**Task to carry out**.
An exact copy of the data is needed, but without any of its images.

**The records**.
—————

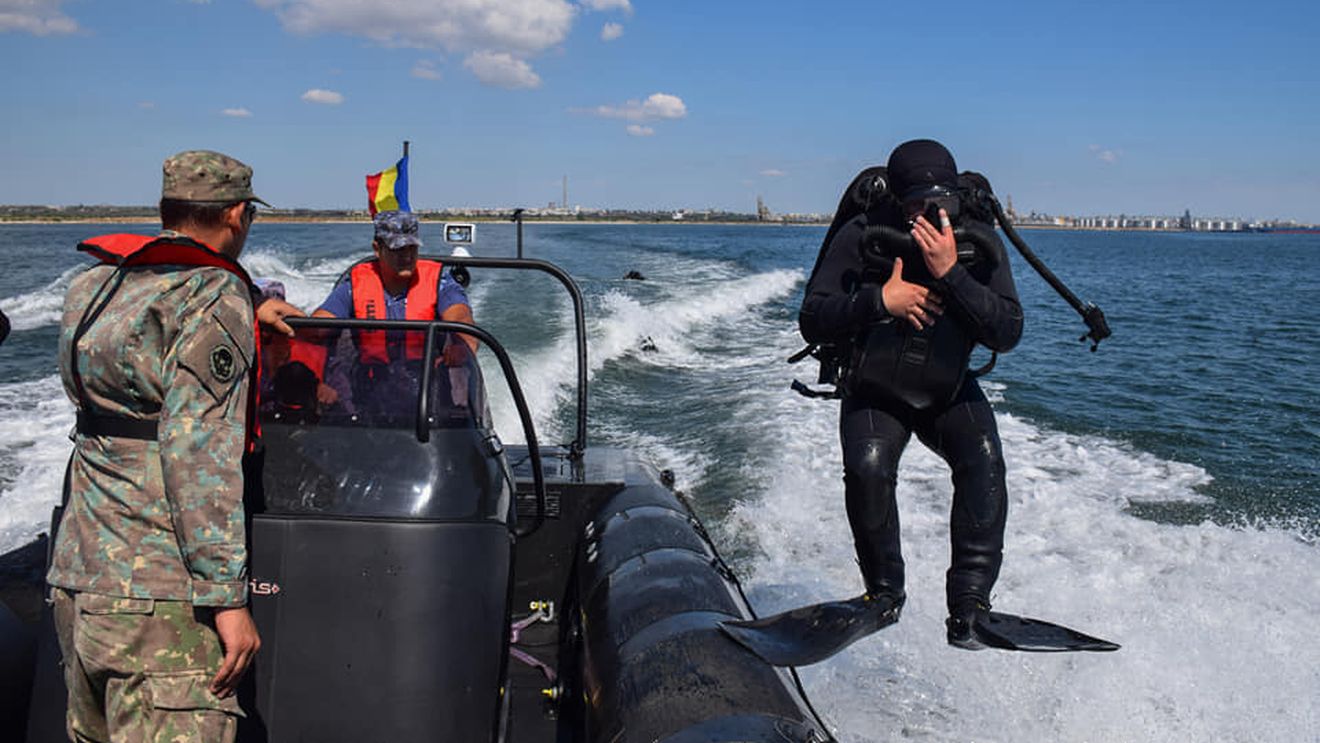 VIDEO Scafandrii Forțelor Navale Române, misiune de distrugere a unei mine marine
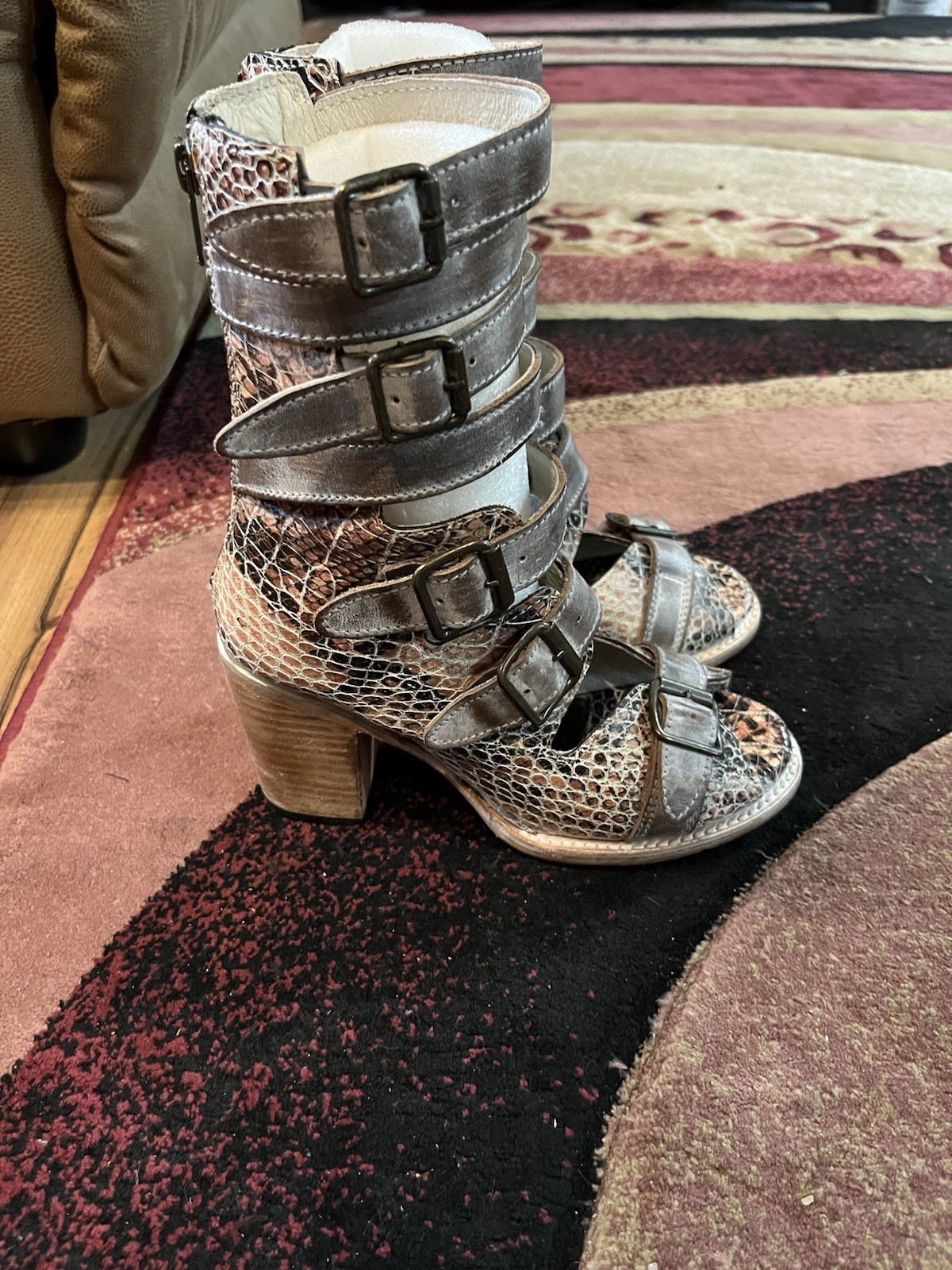 Freebird Bond EUC Gladiator grey & pink snake print open toe bootie RARE size 8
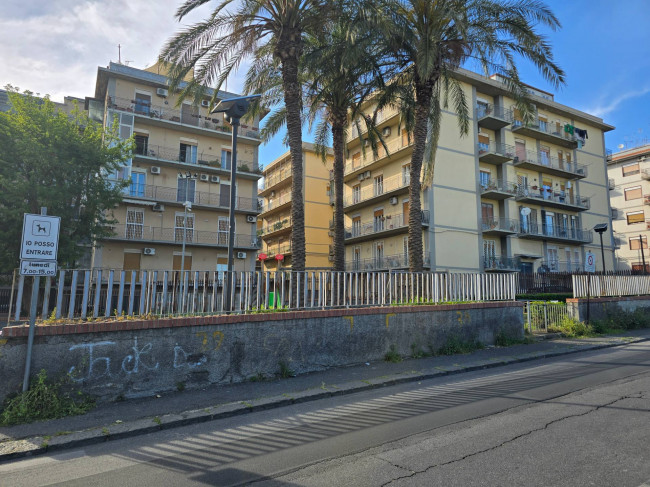 Appartamento Trilocale in affitto a Gravina di Catania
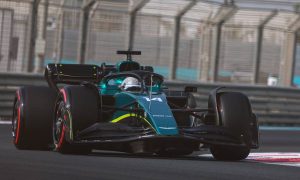 Alonso 'happily surprised' by Aston AMR22 after first run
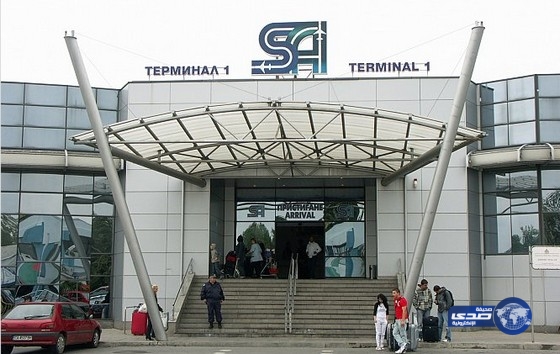 السلطات البلغارية تكتشف عبوة ناسفة في سيارة فان خارج مطار صوفيا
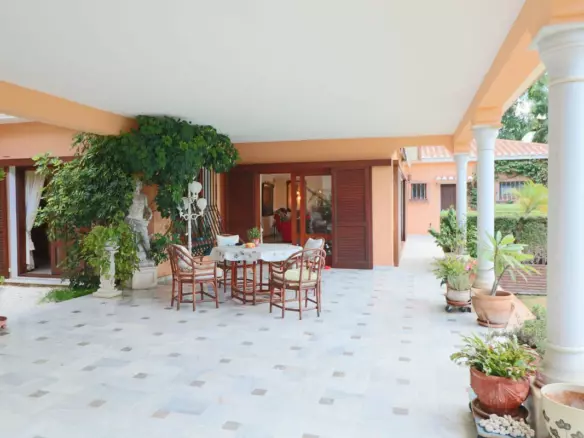 6-bedroom Villa In Estepona, Spain (531 M²)
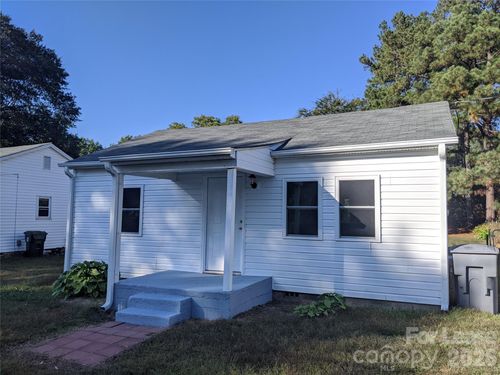 107 Hilltop Ln, Clover, SC, 29710-1519 | Card Image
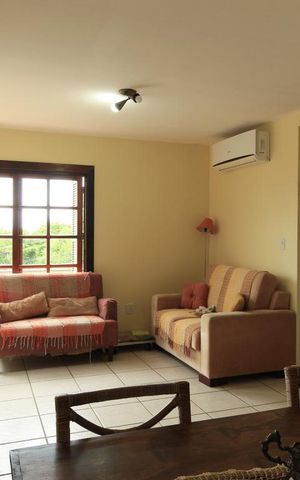 Casa de condomínio à venda com 195m², 3 quartos e 2 vagas Casa de condomínio à venda com 195m², 3 quartos e 2 vagasSala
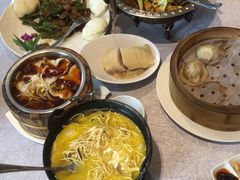-湖影中餐厅·南京金茂威斯汀大酒店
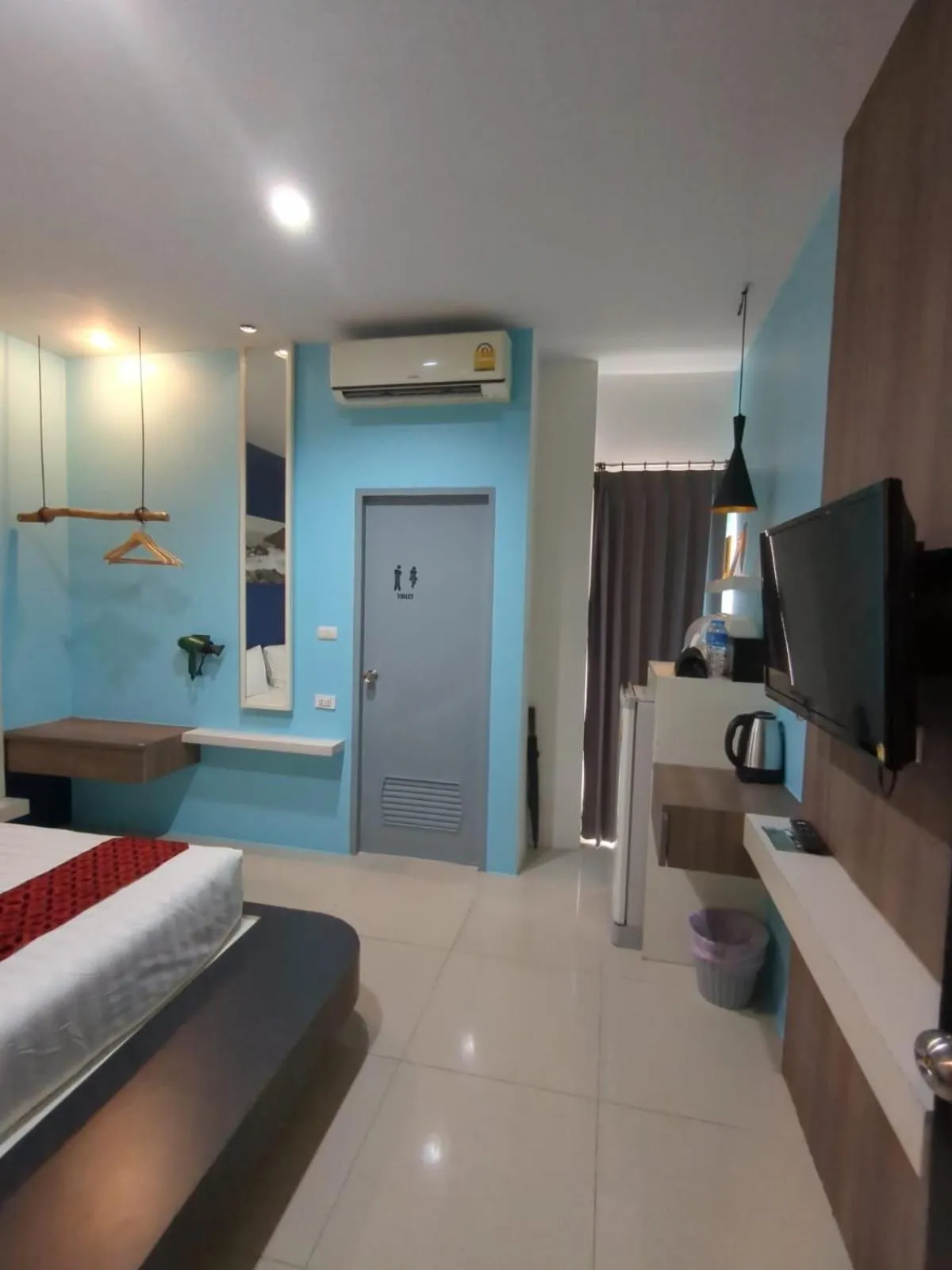 Photo of the whole room, Bed in Hotel The Journey Patong New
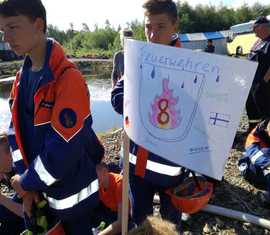 Es grüßt die Jugendfeuerwehr Welzow aus Finnland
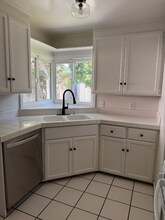 1430 W Locust St in Lodi, CA - Building Photo - Building Photo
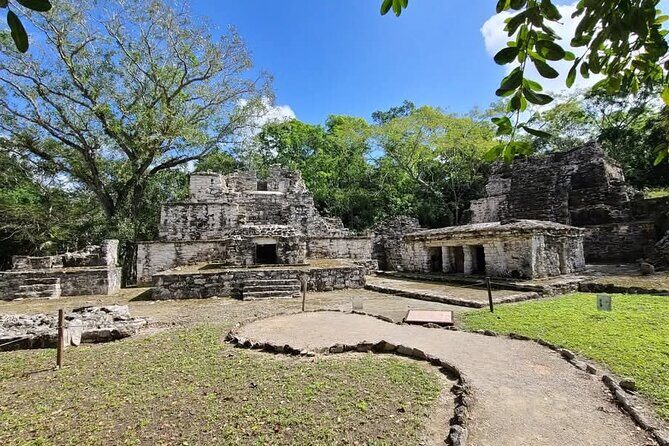 Sian Ka'an Biosphere Reserve Guided Tour - Zona Arqueologica de Muyil: jungle Mayan stones for about an hour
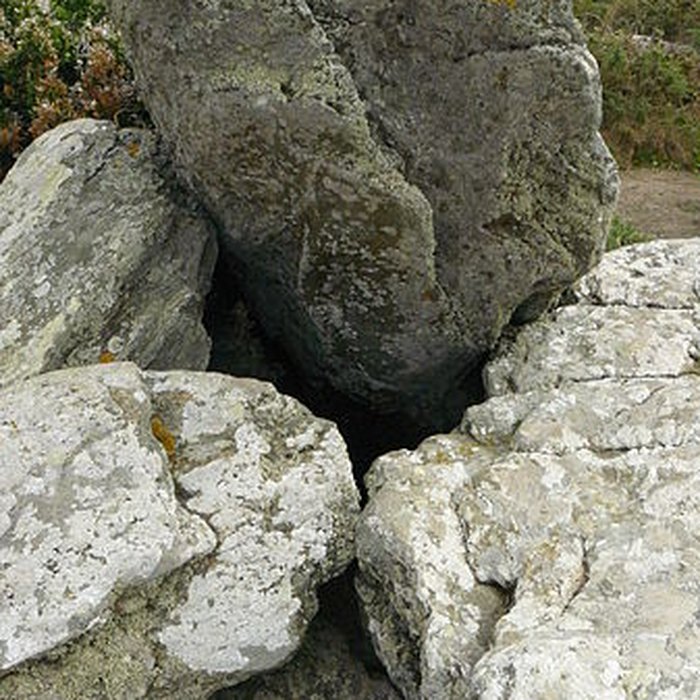 Photo de Dolmens Men Cam et Men Yann à Groix Île de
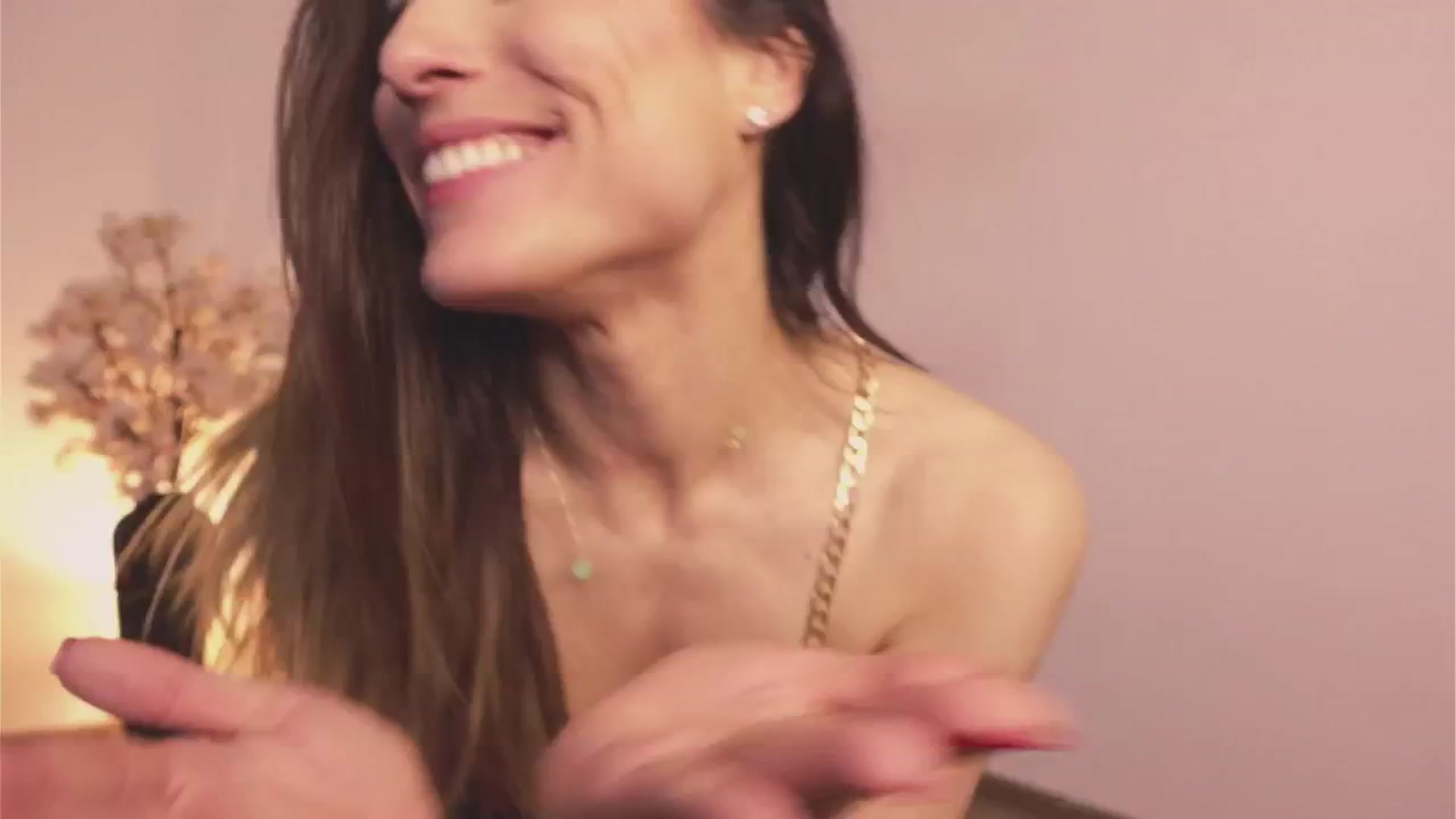 Gallery image thumbnail from MissLullu's myfreecams stream on, 05/19/2025, 12:13 image 6 of 20
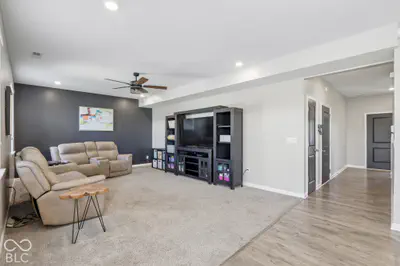 5738 Flat Hill Drive, Indianapolis - 18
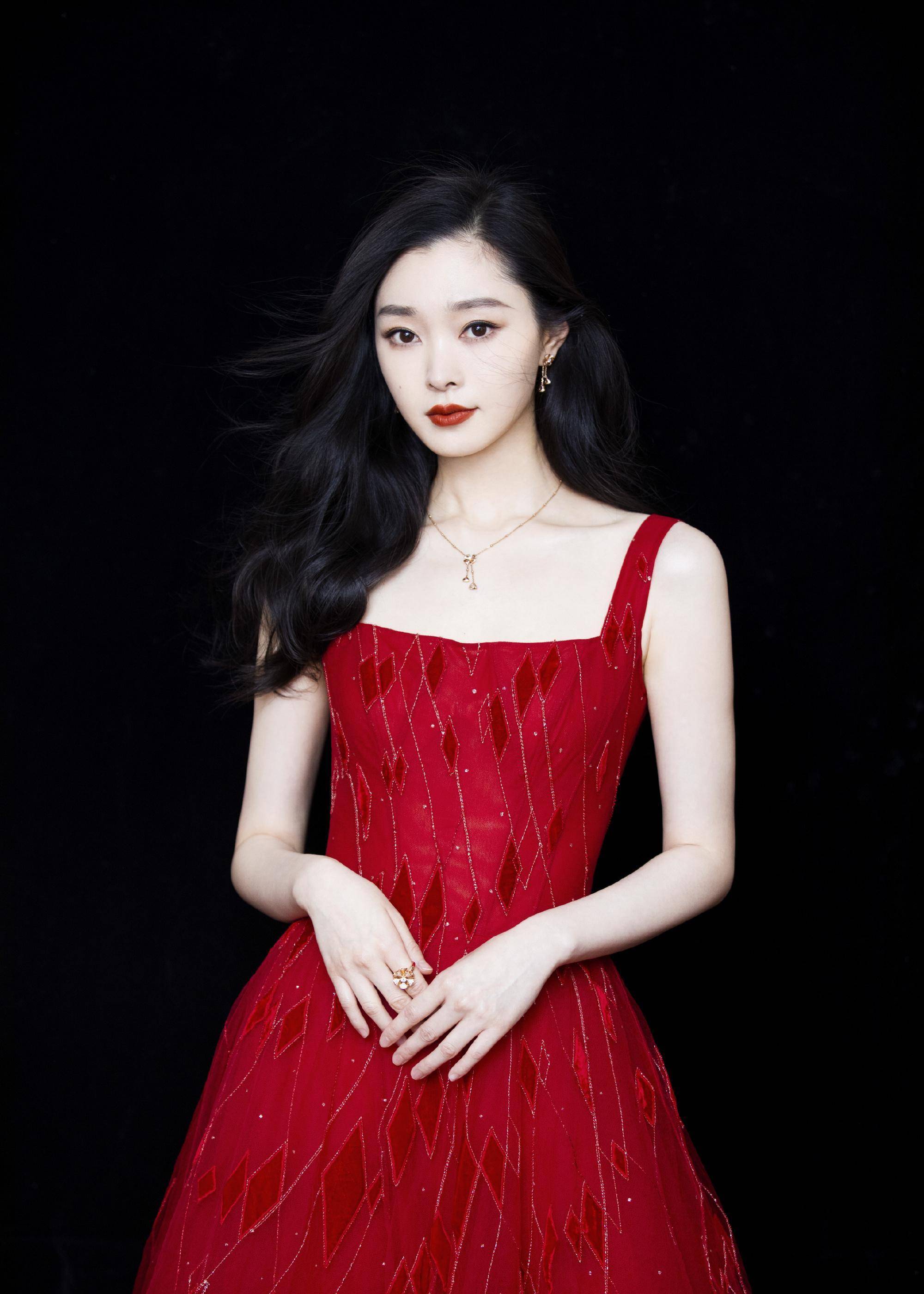 万万没想到,34岁"无人敢娶"的宋轶,才是真正的人间清醒!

—————

**Exercise solution**.
 VIDEO Scafandrii Forțelor Navale Române, misiune de distrugere a unei mine marine
 Freebird Bond EUC Gladiator grey & pink snake print open toe bootie RARE size 8
 Appartamento Trilocale in affitto a Gravina di Catania
 Alonso 'happily surprised' by Aston AMR22 after first run
 السلطات البلغارية تكتشف عبوة ناسفة في سيارة فان خارج مطار صوفيا
 6-bedroom Villa In Estepona, Spain (531 M²)
 107 Hilltop Ln, Clover, SC, 29710-1519 | Card Image
 Casa de condomínio à venda com 195m², 3 quartos e 2 vagas Casa de condomínio à venda com 195m², 3 quartos e 2 vagasSala
-湖影中餐厅·南京金茂威斯汀大酒店
 Photo of the whole room, Bed in Hotel The Journey Patong New
 Es grüßt die Jugendfeuerwehr Welzow aus Finnland
 1430 W Locust St in Lodi, CA - Building Photo - Building Photo
 Sian Ka'an Biosphere Reserve Guided Tour - Zona Arqueologica de Muyil: jungle Mayan stones for about an hour
 Photo de Dolmens Men Cam et Men Yann à Groix Île de
 Gallery image thumbnail from MissLullu's myfreecams stream on, 05/19/2025, 12:13 image 6 of 20
 5738 Flat Hill Drive, Indianapolis - 18
 万万没想到,34岁"无人敢娶"的宋轶,才是真正的人间清醒!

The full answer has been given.